Howard Richman, 2/4/2010

On January 31 in the Huffington Post, Kenneth R. Davis urged Arianna Huffington to endorse the Buffett Plan for balancing trade, saying it was long overdue. Under that plan, exporters get Import Certificates (allowing the same amount of imports) that they sell to importers. As a result, the plan subsidizes exports and limits imports, balancing trade.

Davis' claims for the plan's good effects on the US economy were not exaggerated:

The effect of the Buffett Plan would be far greater and longer lasting than the short term fixes that are being debated, like infrastructure repair or one-time hiring tax credits. And the Plan is self-financing from fees for import certificates. There'd be no need for more government deficit spending. Business will expand, jobs grow and our trade deficits and national debt will be gradually eliminated -- all good news for the middle class.
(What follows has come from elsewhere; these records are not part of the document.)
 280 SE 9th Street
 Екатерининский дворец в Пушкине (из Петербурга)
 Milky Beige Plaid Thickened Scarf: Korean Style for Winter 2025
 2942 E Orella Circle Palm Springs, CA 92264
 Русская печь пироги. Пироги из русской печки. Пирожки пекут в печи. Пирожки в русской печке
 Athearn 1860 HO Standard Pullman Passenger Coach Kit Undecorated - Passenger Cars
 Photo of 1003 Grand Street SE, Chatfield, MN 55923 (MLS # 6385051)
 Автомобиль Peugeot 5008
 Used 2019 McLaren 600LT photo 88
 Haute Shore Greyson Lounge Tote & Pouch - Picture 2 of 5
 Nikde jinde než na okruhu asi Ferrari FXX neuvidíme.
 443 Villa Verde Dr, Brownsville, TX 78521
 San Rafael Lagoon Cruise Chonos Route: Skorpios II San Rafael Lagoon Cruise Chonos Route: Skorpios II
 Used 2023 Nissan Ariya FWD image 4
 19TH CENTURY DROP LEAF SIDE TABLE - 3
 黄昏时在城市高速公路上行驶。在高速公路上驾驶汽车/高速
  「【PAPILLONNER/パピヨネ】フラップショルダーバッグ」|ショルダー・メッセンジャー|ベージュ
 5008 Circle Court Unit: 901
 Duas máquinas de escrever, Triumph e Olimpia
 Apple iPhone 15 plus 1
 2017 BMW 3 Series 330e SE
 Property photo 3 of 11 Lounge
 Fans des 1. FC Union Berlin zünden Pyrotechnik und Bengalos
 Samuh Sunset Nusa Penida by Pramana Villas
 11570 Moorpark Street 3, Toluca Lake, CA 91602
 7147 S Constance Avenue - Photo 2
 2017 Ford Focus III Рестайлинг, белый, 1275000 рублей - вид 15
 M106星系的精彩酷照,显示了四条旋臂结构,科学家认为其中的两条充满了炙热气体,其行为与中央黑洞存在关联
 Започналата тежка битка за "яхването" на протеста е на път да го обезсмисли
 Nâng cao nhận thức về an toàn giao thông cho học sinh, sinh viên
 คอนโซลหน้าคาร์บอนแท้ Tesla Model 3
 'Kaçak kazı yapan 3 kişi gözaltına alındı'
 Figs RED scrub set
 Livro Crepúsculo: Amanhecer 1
His claims for the plan's effects on world trade were also accurate:

Perhaps best of all, we'd maintain a vibrant, job-producing U.S. market to be shared with all trading nations. Some might see it as a "protectionist" move. But they should recognize it as both prudent for the U.S. and good for the global economy. We would be sharing the U.S. market equally with foreign goods and would be abiding fully with all WTO regulations.

After the United States were to establish the plan, we would succeed so well that other trade-deficit countries would follow suit. As a result, the Buffett Plan would end up establishing balanced trade, worldwide, which is the only kind of trade that is sustainable,

Under the current system, the mercantilist countries, including China, sell to the victim countries, including the United States, without buying from them. For example, in 2008 China only bought 25¢ from the United States for every dollar we bought from them. As a result, the victim countries get debt instead of income, leading to inevitable financial crises, such as the one that came to a head in October 2008. These financial crises prevent the continuing expansion of world trade.

However, under the Buffett Plan, world trade is balanced, which means that it can expand forever. The result would be sustainable worldwide prosperity.

However, Davis is wrong about one thing. The Buffett Plan does not comply with the WTO, it makes the WTO irrelevant. If trade is balanced, there is no need for a set of international rules, because when a country subsidizes its exports, it hurts its import-competing industries. And when it keeps out imports, it reduces its exports. Balanced trade is a self-regulating system, making free trade rules irrelevant.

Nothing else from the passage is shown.